National Security Advisor (2001–2005)

On December 17, 2000, Rice was named as National Security Advisor and stepped down from her position at Stanford.[32] She was the first woman to occupy the post. Rice earned the nickname of "Warrior Princess," reflecting strong nerve and delicate manners.[33]

On January 18, 2003, the Washington Post reported that Rice was involved in crafting Bush's position on race-based preferences. Rice has stated that "while race-neutral means are preferable," race can be taken into account as "one factor among others" in university admissions policies.[34]
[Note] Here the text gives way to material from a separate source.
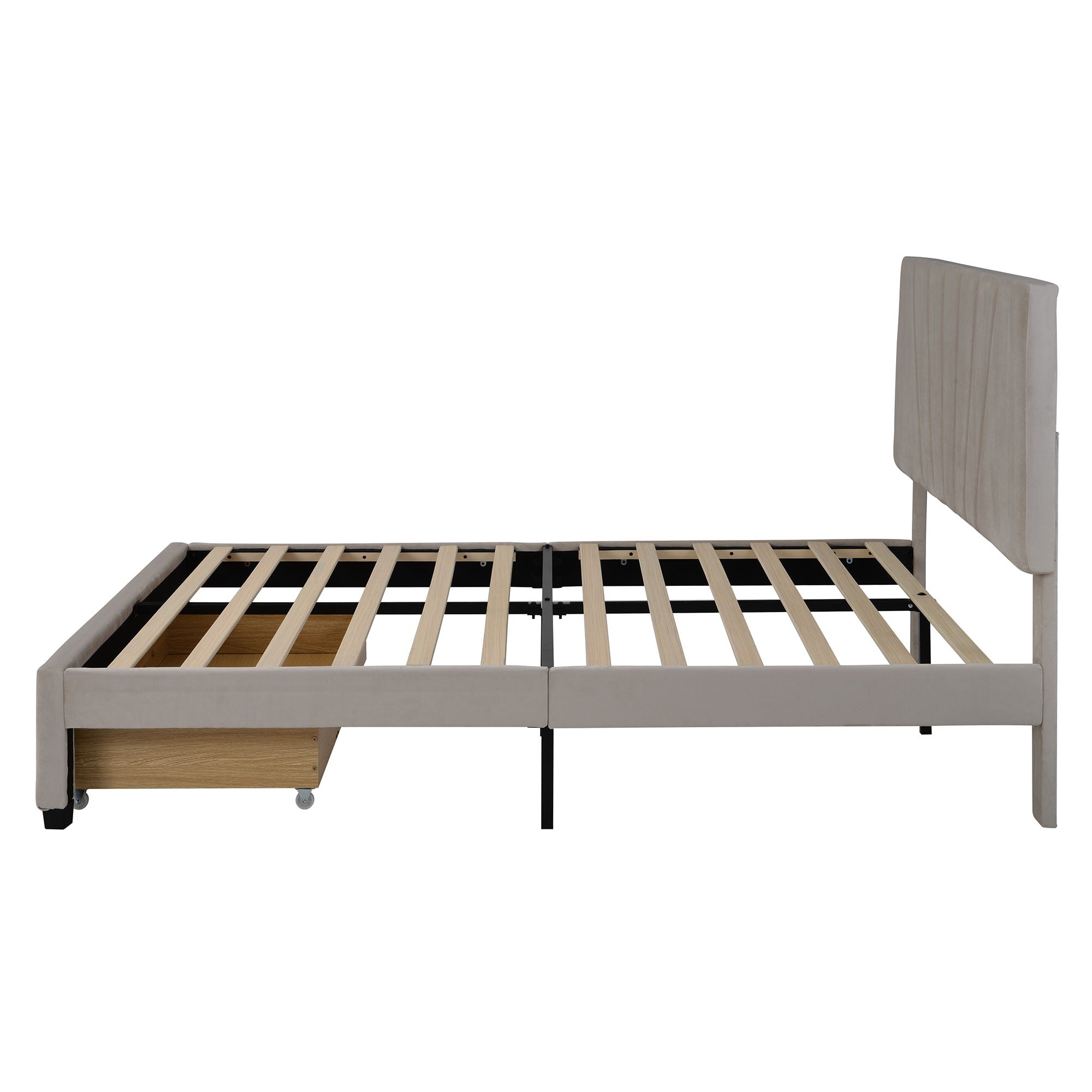 Storage Bed Velvet Upholstered Platform Bed With A Big Drawer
During the summer of 2001, Rice met with CIA Director George Tenet to discuss the possibilities and prevention of terrorist attacks on American targets. Notably, on July 10, 2001, Rice met with Tenet in what he referred to as an "emergency meeting"[35] held at the White House at Tenet's request to brief Rice and the NSC staff about the potential threat of an impending al Qaeda attack. Rice responded by asking Tenet to give a presentation on the matter to Secretary Donald Rumsfeld and Attorney General John Ashcroft.[36]

When asked about the meeting in 2006, Rice asserted she did not recall the specific meeting, commenting that she had met repeatedly with Tenet that summer about terrorist threats. Moreover, she stated that it was "incomprehensible” to her that she had ignored terrorist threats two months before the September 11 attacks.[35]


In March 2004, Rice declined to testify before the National Commission on Terrorist Attacks Upon the United States (the 9/11 Commission). The White House claimed executive privilege under constitutional separation of powers and cited past tradition. Under pressure, Bush agreed to allow her to testify[37] so long as it did not create a precedent of presidential staff being required to appear before United States Congress when so requested. Her appearance before the commission on April 8, 2004, was accepted by the Bush administration in part because she was not appearing directly before Congress. She thus became the first sitting National Security Advisor to testify on matters of policy.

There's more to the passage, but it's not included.